Ana caminhou em meio aquele cenário aterrador até encontrar alguém sentado em uma cadeira de rodas.
- Você sabe o que eu quero Ana. Você sabe.
Tremendo de medo, Ana se aproximou e viu que quem estava sentado na cadeira era ela mesma.
Agora ela estava sendo conduzida pelo corredor. Sentia a malignidade que exalava da pessoa que a conduzia.
- Você sabe o que eu quero Ana. Os cavaleiros precisam começar. Você sabe o que eu quero.
- NÃO! EU... NÃO POSSO!
Agora ela estava sendo conduzida mais rápido. À frente havia uma porta branca, gritos tenebrosos e agoniantes vinham de lá.
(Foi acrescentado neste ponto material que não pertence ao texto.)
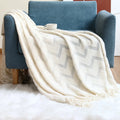 Hot Sale W Wave Pattern Knit Geometric Jacquard Blankets for Winter  Wholesale Soft Cashmere Blanket Women Warm Shawl Blanket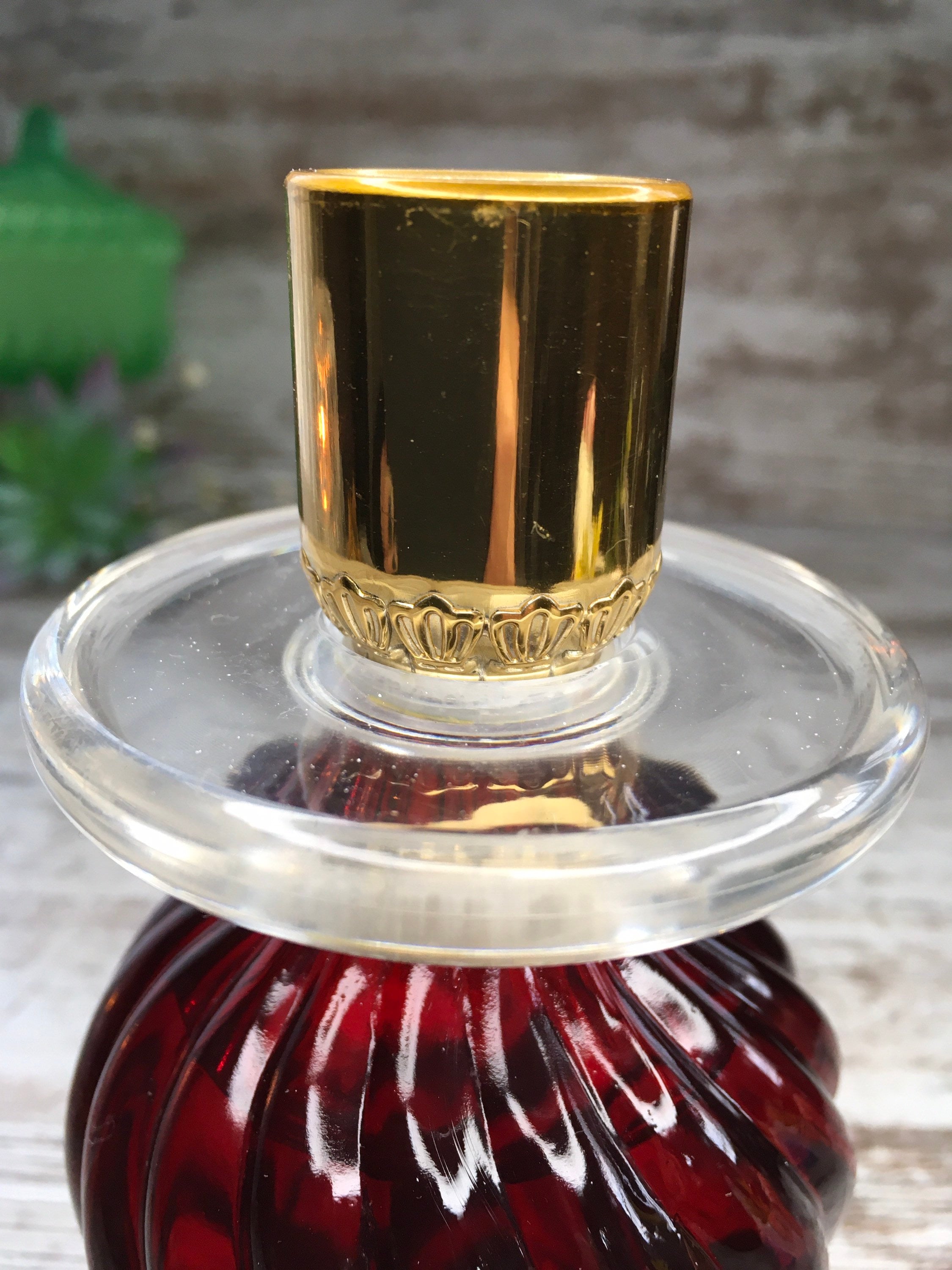 希少 AVON 1970年代 販売 ヴィンテージ香水瓶 パフュームミルクガラス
- Você sabe o que eu quero.
Ana foi conduzida a toda velocidade e passou pela porta.
Atrás da porta havia um lugar, era um lugar grande e ele estava queimando, milhares, milhões de pessoas estavam lá, e queimavam como lenha ao forno. Ana também começou a queimar, e as dores de seus estigmas eram cócegas comparadas a dor do fogo.
Ela abriu a boca e gritou, e...
Lúcifer estalou os dedos.
Ana estava no chão da biblioteca, chorando e se contorcendo em uma poça de seu próprio sangue.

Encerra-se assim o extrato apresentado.